Once the pictures are set aside, repeat all of the data below exactly.

- _INPUT DATA_:
::::

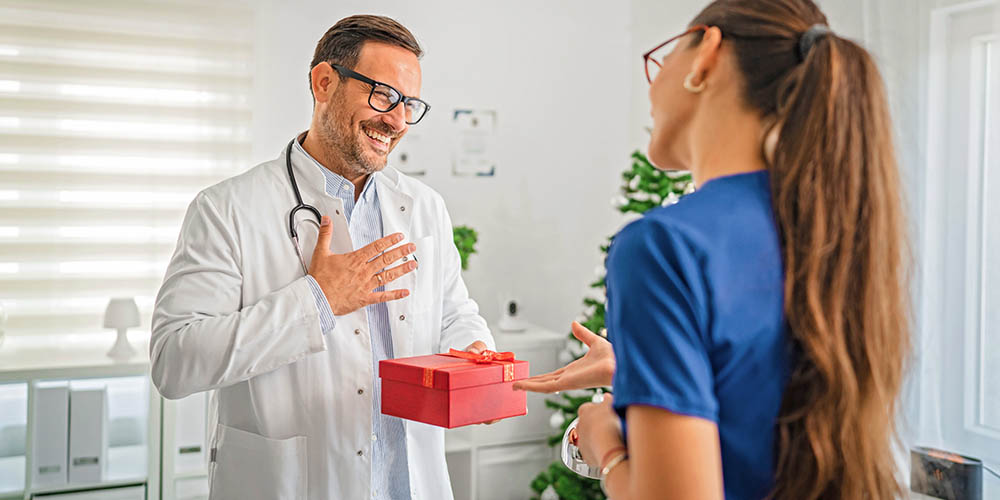 Patient giving a doctor a present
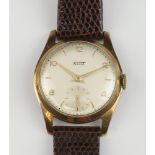 A gentleman's Tissot wristwatch contained in a 9ct gold case, with original box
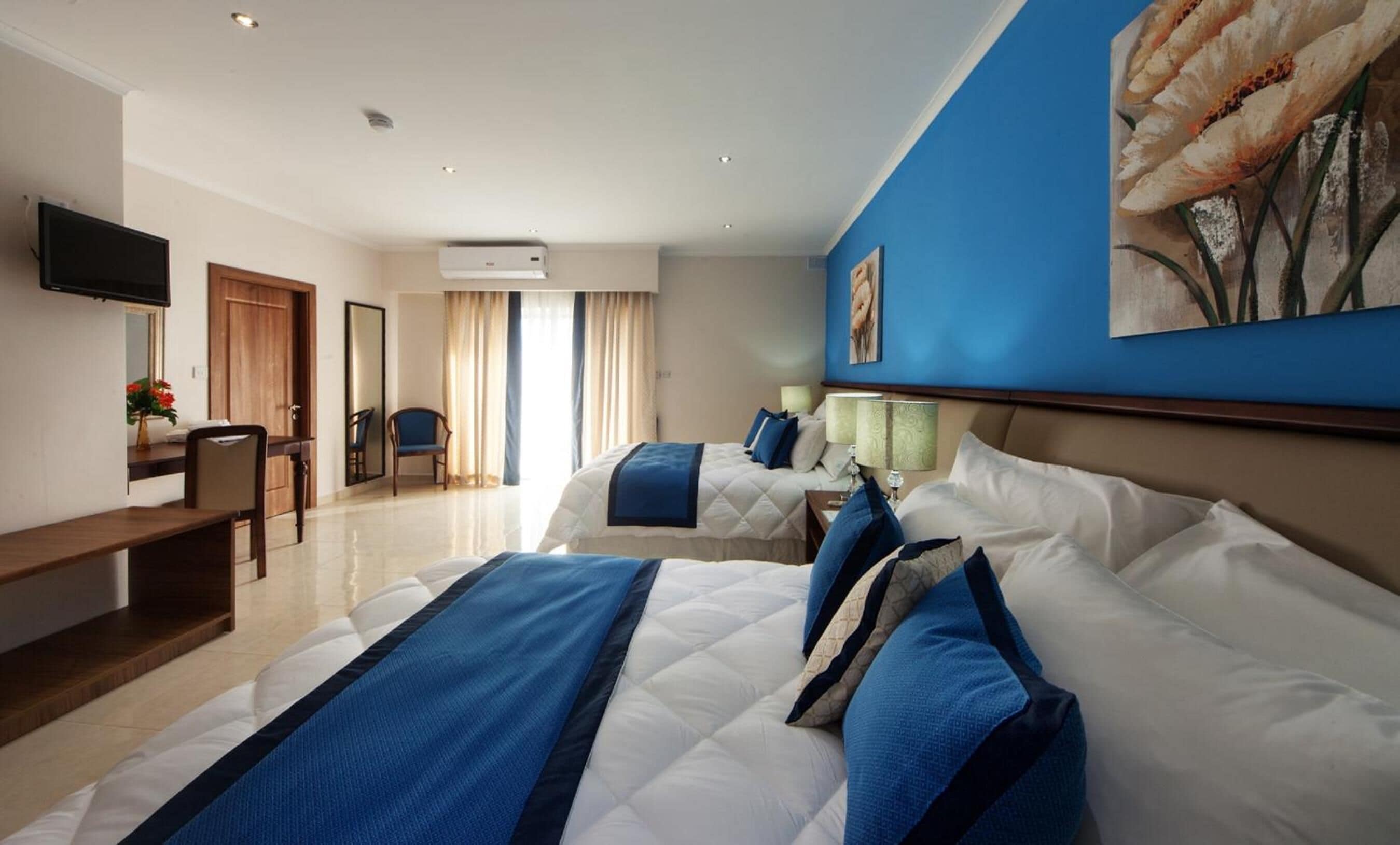 Habitación de hotel con dos camas, un escritorio, una silla, un televisor y un ventanal con cortinas.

::::

- _ANSWER FOR THE TASK_:
 Patient giving a doctor a present
 A gentleman's Tissot wristwatch contained in a 9ct gold case, with original box
 Habitación de hotel con dos camas, un escritorio, una silla, un televisor y un ventanal con cortinas.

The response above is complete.